2.味を感じる
「そう言えば」
ふと、葵が口を開いた。
何かと問うや、つい先日の入学式についてだった。
「人に声、かけられた。同い年の一回生なんたけどさ、ちょっお変なんだよね」
「変? 変な子ってこと?」
「まぁ変な子でもありそうなんだけど、そうじゃなくて…ねぇ、その子の名前、来宮天音っていうんだけどさ、聞き覚えとかあったりする?」
来宮天音。来宮——いや、ない。
聞いたことも、無論出会ったことも。
「そっか。うーん、じゃあ何きっかけなんだろ」
「さっきから何の話?」
「あーうん。その子ね、私に声をかけて来たんだけど、目的は記憶堂に行きたいって。でも、目的は依頼でも藍子さんでもなくて、まことに会いたいんだって」
「僕に?」
葵は自然に頷いた。
嘘は言っていない様子。疑ってもないけれど。
しかし——なるほど。確かにそれは変な話だ。
藍子さんのように定職にも就いていなければ、何か全国や地方で表彰されたこともない。
自分で言うのも悲しくなるくらい、何もないのだ。
あるとすればピアノの件だけれど、あれだって小四の、それも本選一次落ちだ。
あり得ない。
「ふうん。変な話だね」
「でしょ。まぁ、とりあえずやんわりと躱しておいたんだけどさ、大学も同じだし、その内まことのところにも出向くかもね」
「面倒ごとじゃなきゃいいんだけどなぁ」
そう言って頰を掻くと、葵は苦笑まじりに相槌を打った。
今年度に入って——いや、ともすればもっと前からではあるけれど——葵の表情の変化は、随分と柔らかく、また変化しやすくなっていた。

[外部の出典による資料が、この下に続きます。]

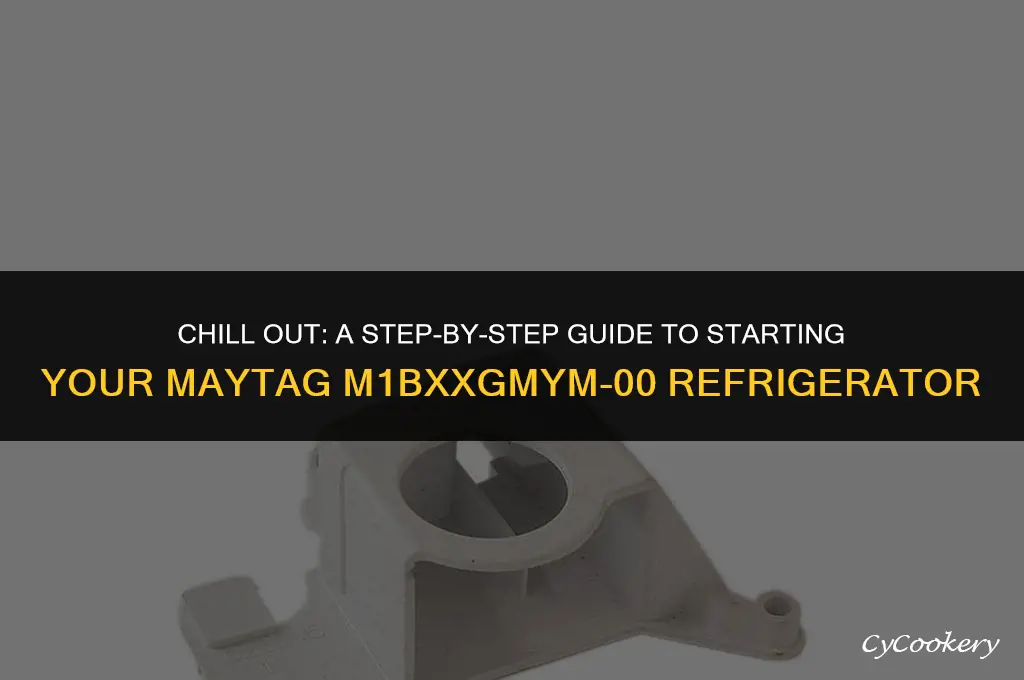 how to start cooling maytag refrigerator model m1bxxgmym 00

怒るところはむっと怒って、悲しむところはしゅんとして。分かりやすく疑問符を浮かべることもあれば、何より笑顔が自然になった。
高宮葵という女の子を構成する要素の中に元々あったはずのそれらが、よくよく浮き出てくるようになっていた。
「ところで葵。ここに来たってことは、高宮家のお墓は——」
場所だけだが知っているそこの名前を出さんとした矢先だ。
ふと葵が立ち止まって、正面を見据えたまま固まった。
「来宮さん?」
小首を傾げながらそんな言葉を漏らして。
それに気が付いた正面の少女は、儚げな影が落ちる目元を上げて葵を見やった。
刹那、満開に咲き誇る笑顔の花に、つい僕も言葉を失ってその場に立ちつくす。
来宮さん、と言われたその子は、たった今葵と話をしていた件の彼女だ。
なるほど。確かに容姿はそこいらの同年代よりも群を抜いているが、どうして近寄りたく無さそうな雰囲気すら持っている。

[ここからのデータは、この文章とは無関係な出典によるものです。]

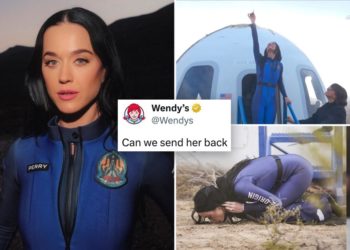 Fast-food chain Wendy’s takes aim at Katy Perry after Blue Origin space flight: ‘Can we send her back’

葵から話を聞いただけ、それも高々一言二言の話なのだけれども、生でみた芸能人に萎縮する感覚と同じく、本能的にそれ以上は踏み込めないと思えた。
が。
「高宮さんと——隣の殿方は、もしや神前様ですか…?」
僕の名前を知っていた。
葵の言っていた通りらしい。
けれども、僕はこの子に対して思うところがない。
疑問符を浮かべつつ視線が合うと——
「うっ…」
少女は口元を押さえて蹲った。
ぐったりとしている様子はないけれど、その嗚咽はどうやらホンモノらしく。
——あぁ、なるほど。
思い出した。知っている光景だ。
この女は。
「不味い……相も変わらず不味い味ですね。思い出しただけでもこれなんて」
小学の頃だ。
ピアノのレッスン中、いつも僕の次に順番待ちをしていた少女がいた。
彼女は、お疲れ様ですと入って来るなり、いつもこんな顔をしていたんだ。
名前は知らなかった。けれども、僕はよくよく知っていた。
曰く。
「貴方の音は、時間を置いて腐ってしまった豆腐のような味です」
他人の鳴らす何かが、味になって伝わる共感覚の持ち主。